In this project, Ukrainian refugees agree to maintain the mobile home for the time necessary for a fixed dwelling or repatriation. Alfonso Fazio and the Municipality of Waiblingen organise and financially support the programme until the residential complex is dismantled or relocated for other emergency needs. Refugees should stay for about six months; if they aren’t ready to leave at that point, they can stay or another family can take their place.

While refugees live in the mobile home, they will also be offered support from social workers to find work and an apartment, while obtaining financial support and healthcare. In addition, they will also receive social support from their neighbours. “When you live in contact with the local community, someone will try to help you find work or simply find your place in the community, with your children,” says Sergio Redaelli. “I’m sure it’s definitely better for people’s well-being, especially those who are so hard-pressed.”

The maxi-caravans are designed with natural, recycled and recyclable materials and can be integrated into the environment to mitigate any effects on the landscape.

The Municipality of Waiblingen project will begin this month as soon as the mobile homes arrive, having been produced in Italy and delivered ready for use. The local social assistance agency collaborating in the Municipality’s project will help welcome the first refugees.
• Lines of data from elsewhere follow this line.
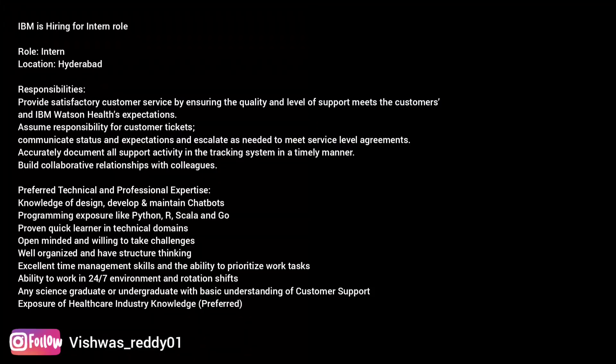IBM India Private Limited is hiring for an intern role. Job highlights: ability to work in a 24x7 environment and rotational shifts. Any science graduate or undergraduate with basic understanding of customer support can apply for this role. Zero to one year of experience required. Location: Hyderabad.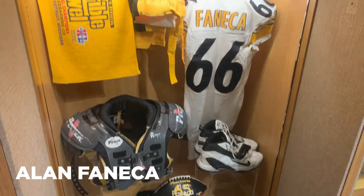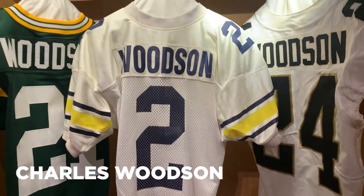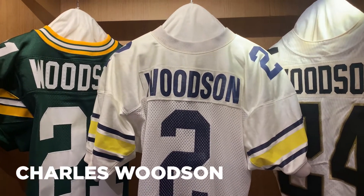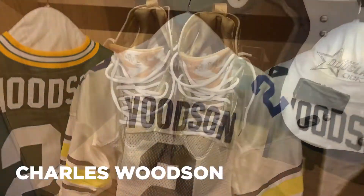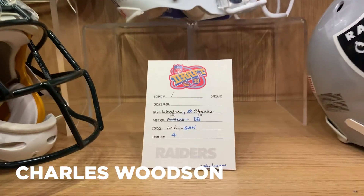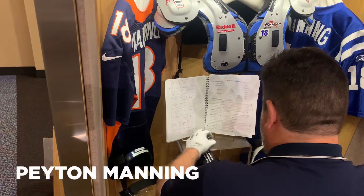Here's a highlight of a few lockers that will be on display. In Charles Woodson's locker, you can't help but notice three iconic game-worn jerseys from the Packers, Raiders, and Go Blue — the University of Michigan. Along with his gold cleats and other artifacts, there is a copy of his 1998 NFL Draft Card.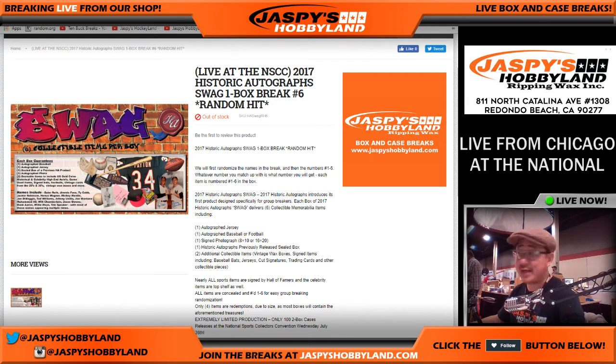Good evening everyone, Joe from JasminesHobbyLine.com, live from Chicago at the National — a long day but a great day, awesome hits, awesome breaks.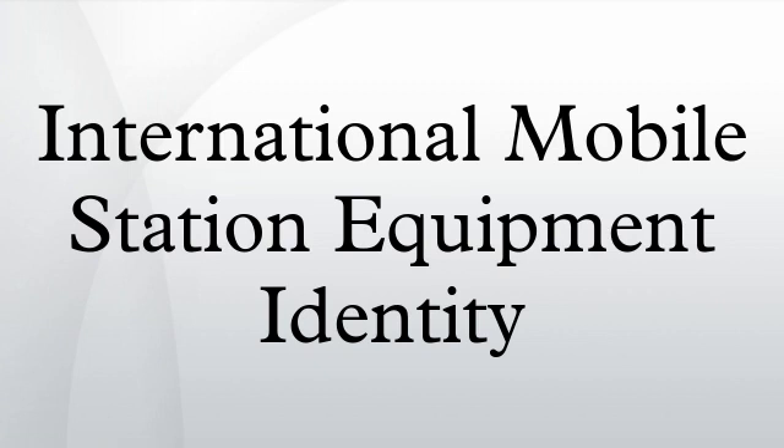Instead, the subscriber is identified by transmission of an IMSI number, which is stored on a SIM card that can be transferred to any handset. However, many network and security features are enabled by knowing the current device being used by a subscriber.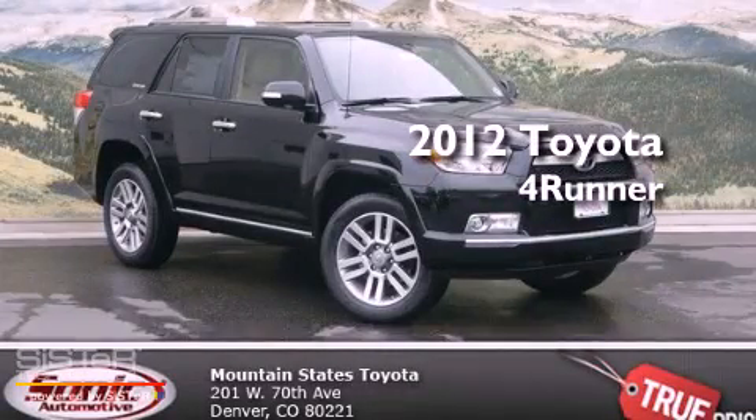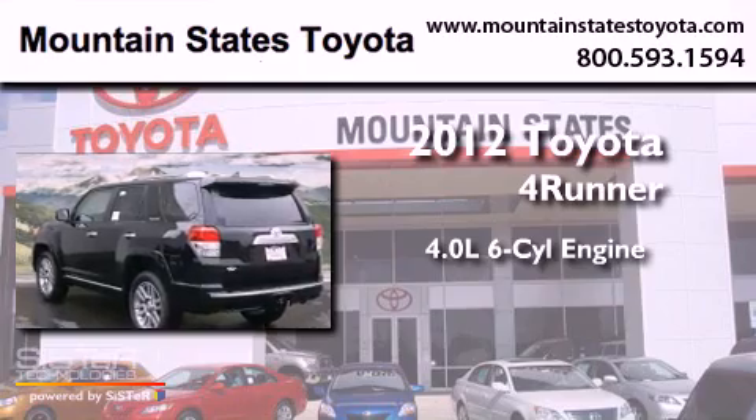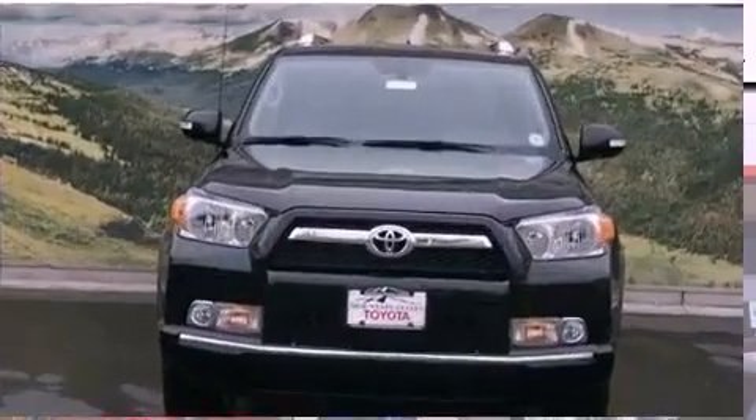This is a brand new 2012 Toyota 4Runner. It features a 4.0-liter six-cylinder engine, a five-speed automatic transmission, and four-wheel drive.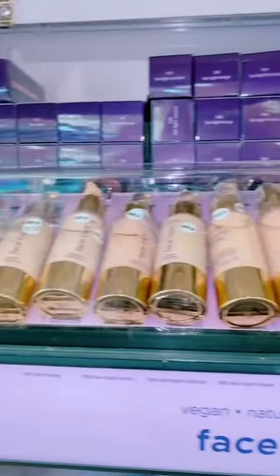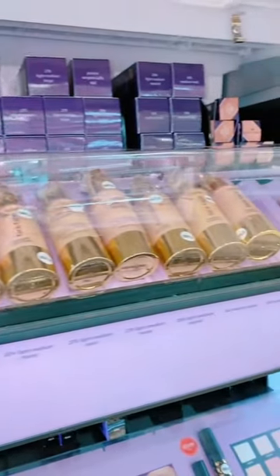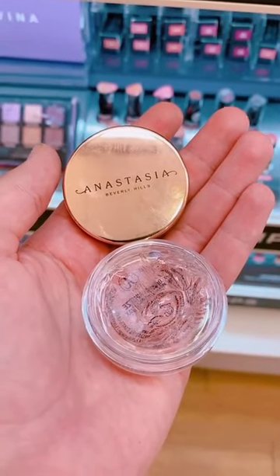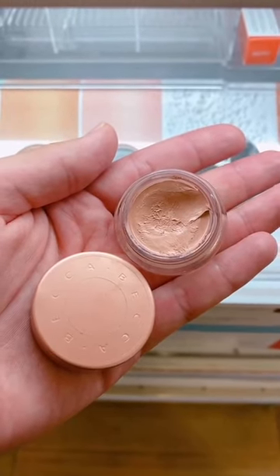High makeup that actually sucks: Tarte Shaped Tape foundation is trash — and if you have any melanin in you, they probably don't have your shade. The ABH Brow Freeze will keep your brows in place for about five minutes and then just start flaking off. The Becca color corrector will cover those dark circles, but at what cost? It's so cakey.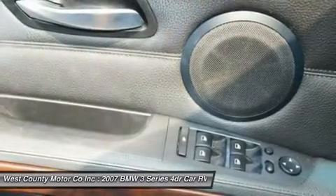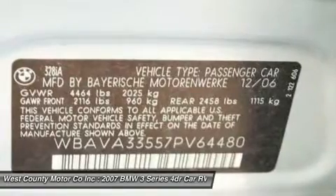Take a look at our pictures — everything in, on, and around this car is nice. Print this page and call us now. We know you will enjoy your test drive towards ownership. Come in today for a test drive.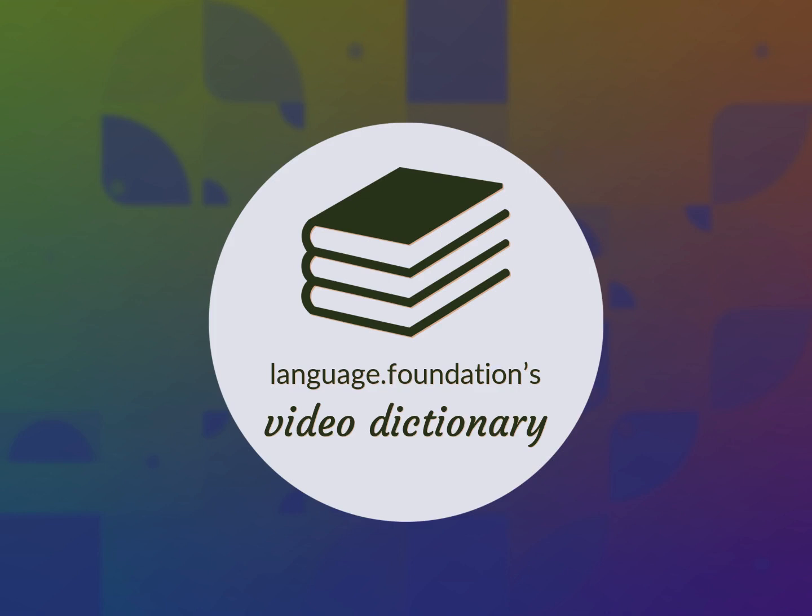Language.Foundation's Video Dictionary, helping you achieve understanding.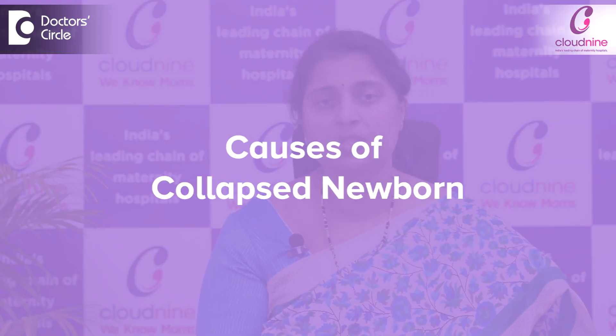What are the causes for a collapsed newborn? Most babies do not just collapse. Sometimes milk can get choked into the airway — the larynx or trachea — and the baby may stop breathing, but that is actually not the major cause.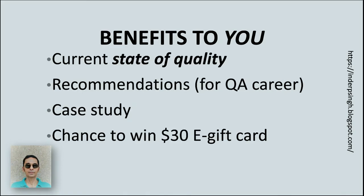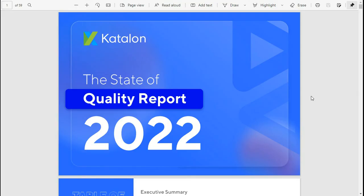The benefits of getting and reading the report are that it explains the current state of quality in detail and includes many recommendations that may benefit your QA career — for example, recommendations related to production monitoring and testing, dynamic software analysis, pair programming, and model-driven development. There is also a Catalon case study on reducing time to market and test execution time. You will also get a chance to win a $30 e-gift card. The link to get Catalon's State of Quality Report 2022 is in the video description.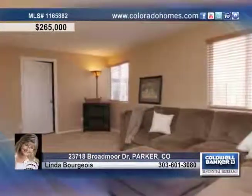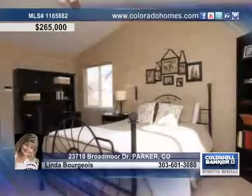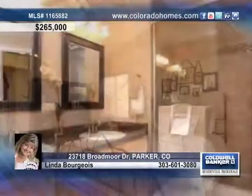The large master bedroom features a remodeled private bath with dual sinks. Enjoy views of the mountains and golf course from the large no-maintenance deck.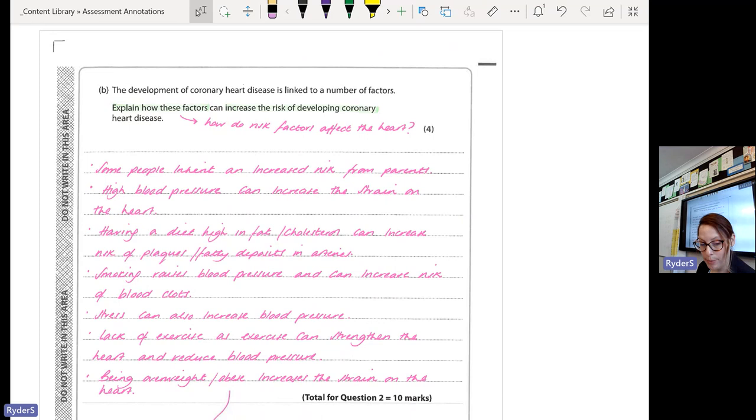An easier route would be that smoking also increases blood pressure and increases the risk of blood clots, which can increase the risk of developing coronary heart disease. Most of you went down the route of saying smoking clogs up your arteries with tar — that's not correct, that's a misconception. Tar can clog up your lungs and builds up to make them black, but tar doesn't get into your blood. This question is looking at the blood and blood vessels.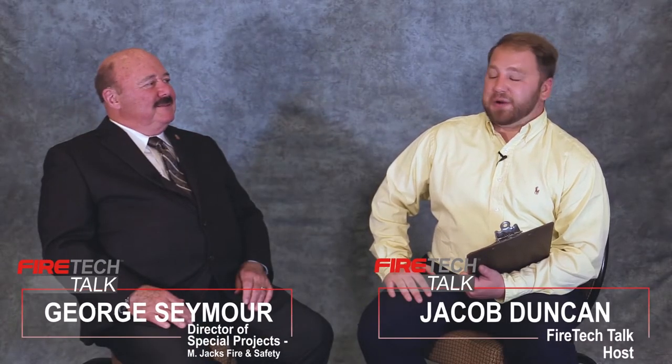Hello and welcome to Fire Tech Talk. I'm your host Jacob Duncan, here today with George Seymour. George, it's great to have you on. Thank you, good to be here. George is an NFPA certified fire protection specialist with over 42 years in the industry, multiple certifications, and is a graduate of several manufacturing training programs.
This project can certainly be a driving force for others of this kind, and represents a good example of application outside the usual scope of camping,” says Redaelli. “We hope that other municipalities, both in Germany and in Italy, will also find this initiative valid and take inspiration from it.”

The United Nations Refugee Agency estimates that there are currently millions of people seeking asylum, so the need for housing will increase. If the Waiblingen-Fazio model works, there could be the opportunity to innovate accommodation models in Italy too with ad-hoc open-air projects, without land consumption, sustainable and dignified, which can be replicated for other notoriously unresolved emergency situations.